Opened 9 years ago

Closed 9 years ago

Last modified 7 years ago

#1840 closed defect (fixed)

run_connection_housekeeping() closes circuits early

Reported by: arma Owned by:
Priority: High Milestone: Tor: 0.2.2.x-final
Component: Core Tor/Tor Version:
Severity: Keywords:
Cc: Actual Points:
Parent ID: Points:
Reviewer: Sponsor:

Description

Due perhaps to bug #1772, my circuitbuildtimeout is growing very big:

Aug 17 14:59:00.189 [notice] Based on 1000 circuit times, it looks like we need to wait longer for circuits to finish.

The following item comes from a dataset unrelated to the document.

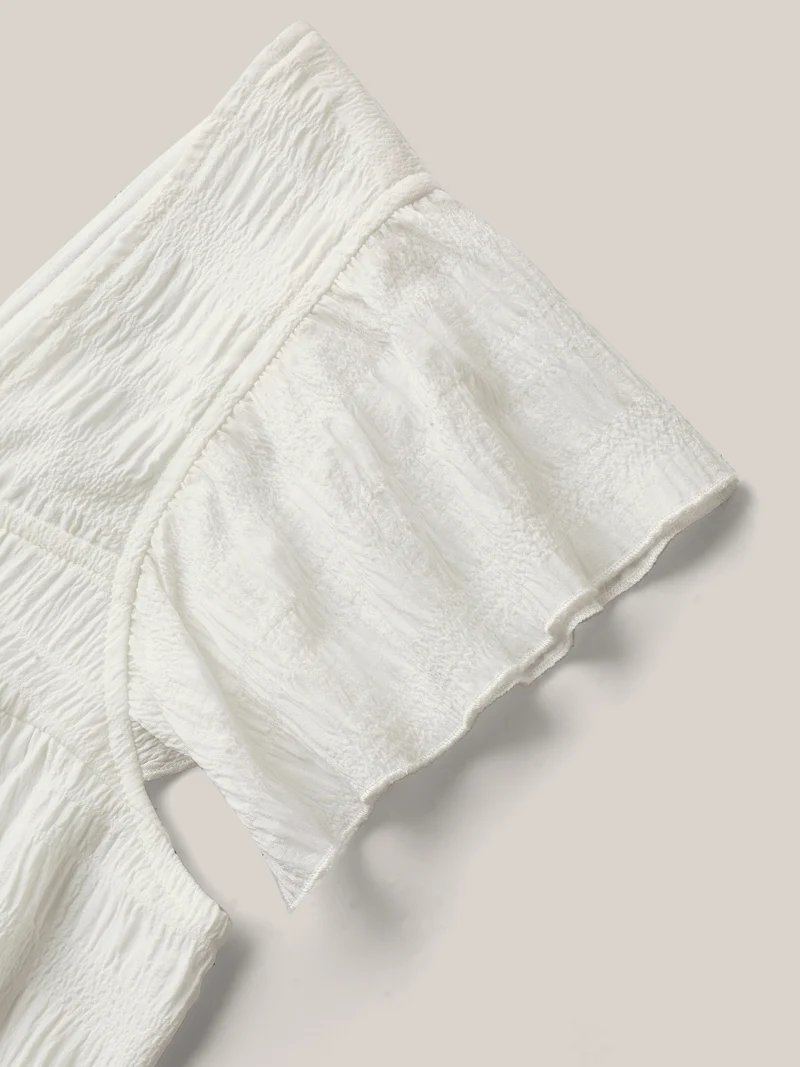 Textured Flutter Sleeve Button Detail Blouse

We will now assume a circuit is too slow to use after waiting 255 seconds.

And once it's this big, run_connection_housekeeping() starts killing OR connections that haven't finished handshaking yet:

Aug 17 15:06:03.012 [info] run_connection_housekeeping(): Expiring non-used OR connection to fd 18 (38.229.70.33:9001) [idle 180].
Aug 17 15:06:03.012 [info] run_connection_housekeeping(): Expiring non-used OR connection to fd 11 (85.25.130.135:443) [idle 180].
Aug 17 15:06:03.012 [debug] conn_close_if_marked(): Cleaning up connection (fd 18).
Aug 17 15:06:03.012 [debug] circuit_n_conn_done(): or_conn to FordModelA/38.229.70.33, status=0
Aug 17 15:06:03.012 [info] circuit_n_conn_done(): or_conn failed. Closing circ.
Aug 17 15:06:03.012 [info] circuit_build_failed(): Our circuit died before the first hop with no connection
Aug 17 15:06:03.013 [debug] circuit_increment_failure_count(): n_circuit_failures now 1.
Aug 17 15:06:03.013 [debug] connection_remove(): removing socket 18 (type OR), n_conns now 20
Aug 17 15:06:03.013 [debug] _connection_free(): closing fd 18.
Aug 17 15:06:03.013 [debug] conn_close_if_marked(): Cleaning up connection (fd 11).
Aug 17 15:06:03.013 [debug] connection_remove(): removing socket 11 (type OR), n_conns now 19
Aug 17 15:06:03.013 [debug] _connection_free(): closing fd 11.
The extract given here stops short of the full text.